→ **Exercise description**
Please retype the entries exactly as they stand, leaving out any pictures.

Data records:
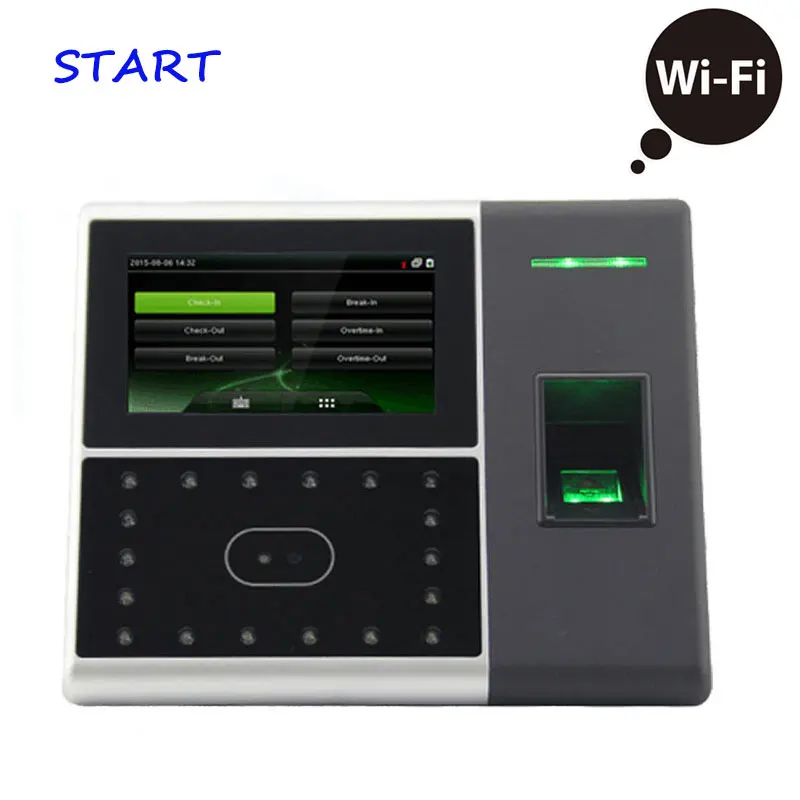 Iface302 Wifi Биометрические лица посещаемость времени и система контроля доступа
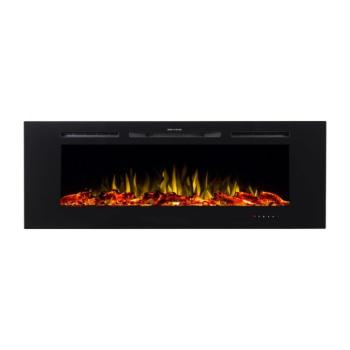 Avalon fali-beépithető elektromos kandalló, Art Flame, 544×1650×140 mm, 1500 W, 3 lángszín, 5 lángfényességi szint, Farönkök és kristályok kép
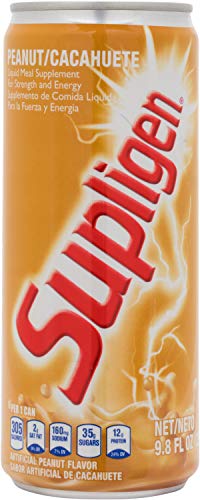 Supligen Peanut Liquid Meal Supplement for Strength & Energy, 9.87 Oz (Pack Of 12)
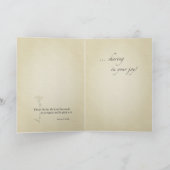 おめでとうございます、自然野生の花、宗教的 カード (内部)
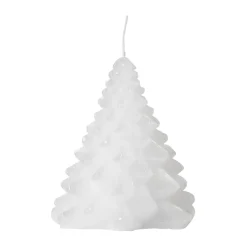 Broste Copenhagen Kynttilät^Granny Christmas tree kynttilä Ø9x10 cm, Puhdas valkoinen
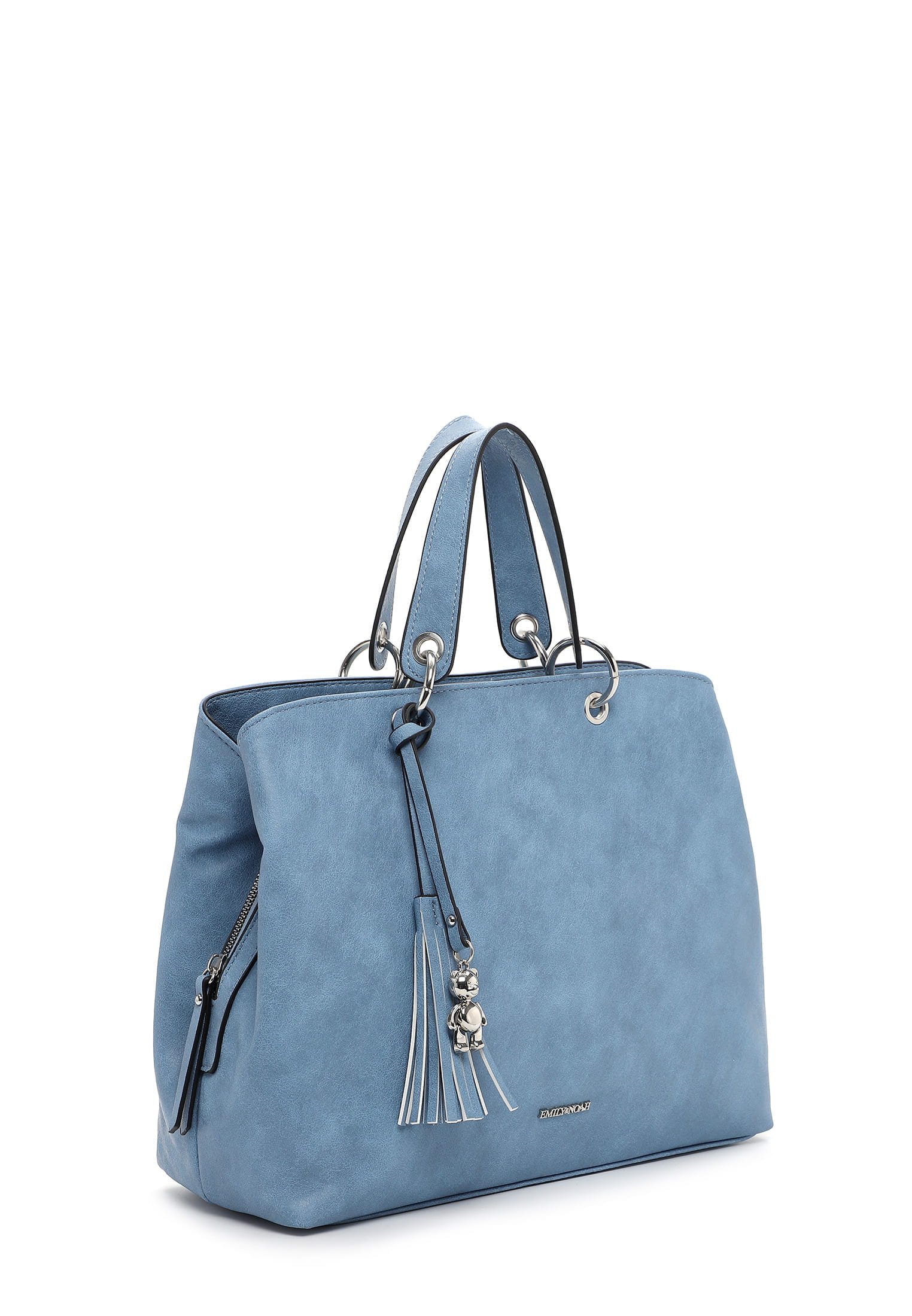 EMILY & NOAH Shopper E&N Beatrix mittel Blau 64456560 smokeblue 560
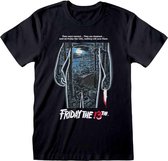 Friday The 13th Heren Tshirt -XL- Poster Zwart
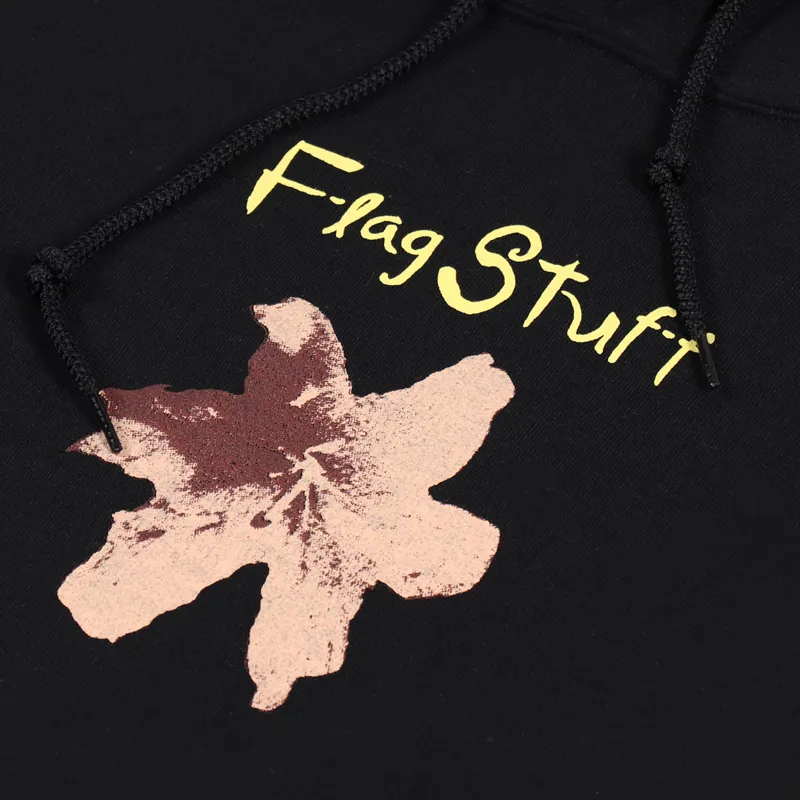 Flagstuff Flower Hoodie Black-5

→ **Problem solution**
 Iface302 Wifi Биометрические лица посещаемость времени и система контроля доступа
 Avalon fali-beépithető elektromos kandalló, Art Flame, 544×1650×140 mm, 1500 W, 3 lángszín, 5 lángfényességi szint, Farönkök és kristályok kép
 Supligen Peanut Liquid Meal Supplement for Strength & Energy, 9.87 Oz (Pack Of 12)
 おめでとうございます、自然野生の花、宗教的 カード (内部)
 Broste Copenhagen Kynttilät^Granny Christmas tree kynttilä Ø9x10 cm, Puhdas valkoinen
 EMILY & NOAH Shopper E&N Beatrix mittel Blau 64456560 smokeblue 560
 Friday The 13th Heren Tshirt -XL- Poster Zwart
 Flagstuff Flower Hoodie Black-5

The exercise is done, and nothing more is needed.